Bu noktada şöyle bir muhtemel soru akla gelebilir: ‘O hâlde, târihle ilgili olarak sâdece târihçiler mi fikir beyan edecektir; başkalarının bu hususta araştırma, inceleme, konuşma ve yazma hakkı yok mudur?
Böyle bir muhtemel soruya cevâbımız şu olacaktır: Târih, münhasıran akademik mânâda târihle meşgul olanların inhisârında değildir; herkes meşgul olabilir; herkes araştırma, inceleme, tahlil ve değerlendirme hakkına sâhiptir. Ancak, bunun için târih disiplininin gerektirdiği ilmî metodlara riâyet etmek şarttır. Kişi samîmiyetle, ‘bu disiplinin gereklerini biliyorum ve onlara riâyet ediyorum’ diyebiliyorsa, onun elini-kolunu bağlamak gibi bir yetkiye sâhip değiliz. Popüler niteliğinin de bulunması dolayısıyla, târihe karşı gösterilen ilgi takdir edilebilir; ancak, bu çerçevede ortaya konulan ürünlerin, yazılan yazıların ilmî değil, popüler nitelikli oldukları en azından hissettirilmeli; varılan netîcelerin kesin kanaatler ve târih ilminin şu safhada tesbit ettiği nihâî netîceler olmadığı okuyucuya ihsas ettirilmelidir. Aksi bir durum, hâriçten gazel okumak olur.
Son olarak şunu da ilâve edelim: Târihçi uzaydan gelmiş insan değildir; belirli bir cemiyet içinde doğmuş, büyümüş, eğitim almış ve içinde büyüdüğü cemiyetin inanç ve kültür kodlarıyla donanmıştır. Bu sebeple, ne kadar objektif olmaya çalışırsa çalışsın, içinde yaşadığı cemiyetin temel kültür ve inanç dinamiklerinin bütünüyle dışına çıkamaz; bu kültürün temel değerleriyle görür, duyar, okur, anlar, tahlil ve yorumlarda bulunur. Ondan bütünüyle objektif olması beklenemez. Çünkü, sözünü ettiğimiz kültürel dinamikler, inançlar veyâ ideolojiler, üzerindeki bir palto gibi değildir; çalışmaya başlamadan önce, bunları çıkararak, bir torbaya dolduramaz, bir askıya asamaz veyâ bir gardıroba yerleştiremez.

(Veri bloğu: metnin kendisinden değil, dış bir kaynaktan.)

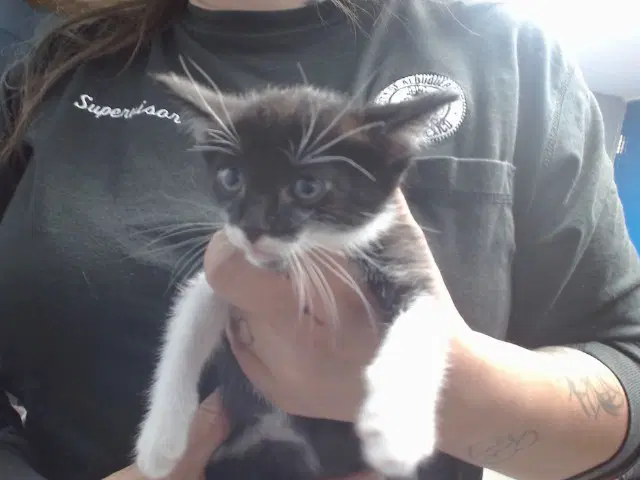 Jean Grey - Domestic Short Hair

Biz, bir târihçi olarak, İstanbul’un Türkler tarafından alınışını, “İstanbul’un fethi” olarak tanımlarız; umûmî olarak İslâm dünyâsının üyesi olan bir târihçi de aynı ifâdeyi kullanır; fakat bir Yunanlı târihçi, “İstanbul’un işgâli” diyebilir; Batılı bir târihçi, en hafif deyimle, “İstanbul’un düşüşü” ifâdesini kullanır. Târih ilmi, târihçiye bu kadar bir sübjektiflik hakkını tanımak zorundadır ve kanaatimizce tanır. Bu şekilde kullanılan ifâdeler, târihçinin objektifliğine halel getiremez. Târihçiden aksini beklemek, onun içinde yetiştiği cemiyetin hem kendisine, hem de temel değerlerine ihânet etmesini istemek olur. Buna da kimsenin hakkı yoktur. Objektifliğe halel getirecek davranış, hâdiseleri ve olguları bilerek ve isteyerek olduğunun dışında yorumlamak; akı kara, karayı ak göstermeye çalışmak, yâni tahrif etmektir. Böyle bir davranış ise, taammüden cinâyet işlemekten farksızdır.

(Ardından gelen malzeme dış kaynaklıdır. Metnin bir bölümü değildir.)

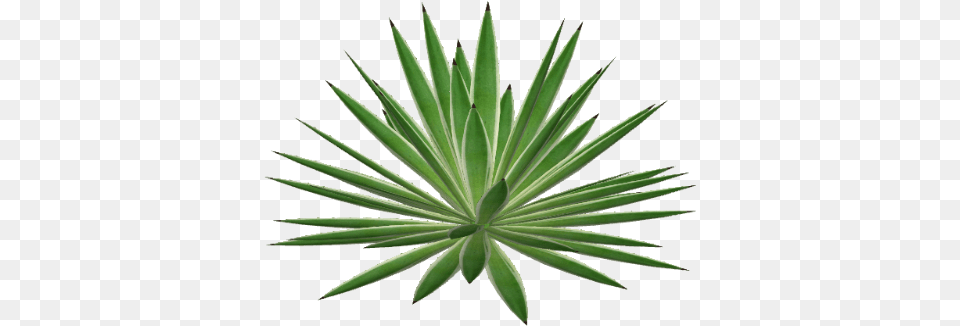 Agave 3 Image Herbaceous Plant, Agavaceae, Aloe Png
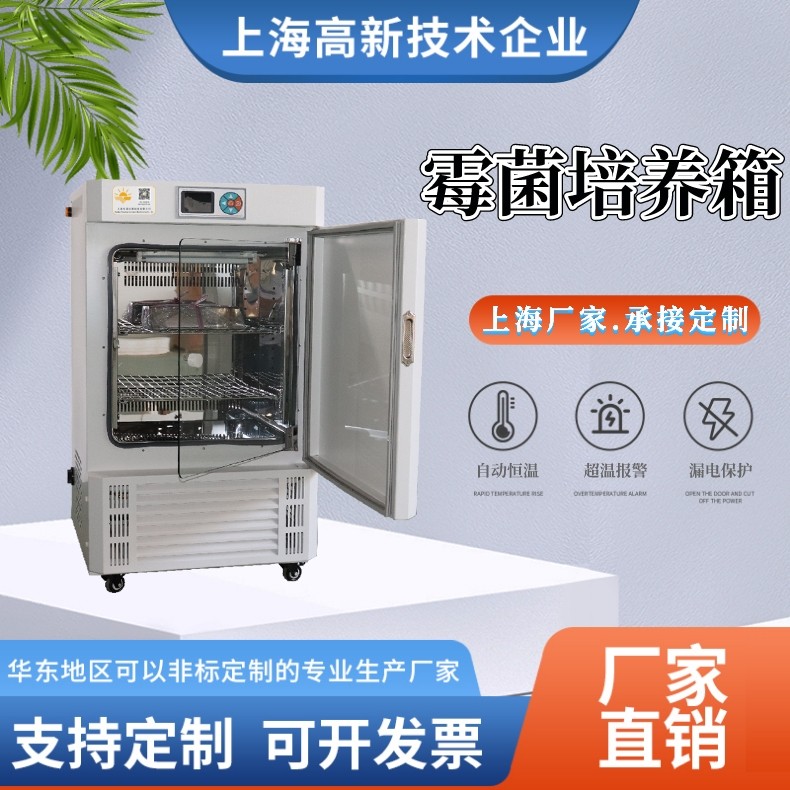 霉菌培养箱
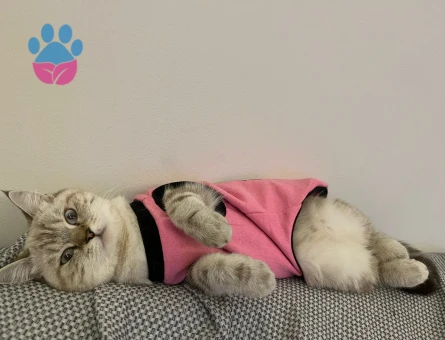 British Shorthair Dişi Kedime Eş Arıyorum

Bu yazı, daha önce Muhafazakâr Düşünce, Tarih II, Sayı: 8 (Bahar, Ankara 2006), s 45-59. yayınlandı.
Bu yazı, akademik üslûbun sıkıcı kalıpları içinde, alanın üstatlarının görüşlerini tahlil ve tenkit etmek maksadıyla kaleme alınmadı. Dolayısıyla kaynak gösterme, dipnotlarla görüşlerimize destekler arama külfeti bütünüyle bir tarafa bırakıldı. Yazı boyunca ileri sürülen düşüncelerin ve mülâhazaların tamâmı bize âittir. Biz, bütünüyle akademik bir yazı kaleme almak istemedik; aksine, okuyucuyla dobra dobra, samîmî bir sohbette bulunmayı arzûladık. Fakat akademik zihniyeti ve yaklaşımı bir tarafa bırakmayı da düşünmedik. Ancak, yazımızı yine de bir deneme olarak görebilirsiniz. Şunu da söylemeliyiz ki, aşağıda belki de beklediğinizden farklı bir târih anlayışıyla karşılaşacaksınız. Bunu da normal görmelisiniz.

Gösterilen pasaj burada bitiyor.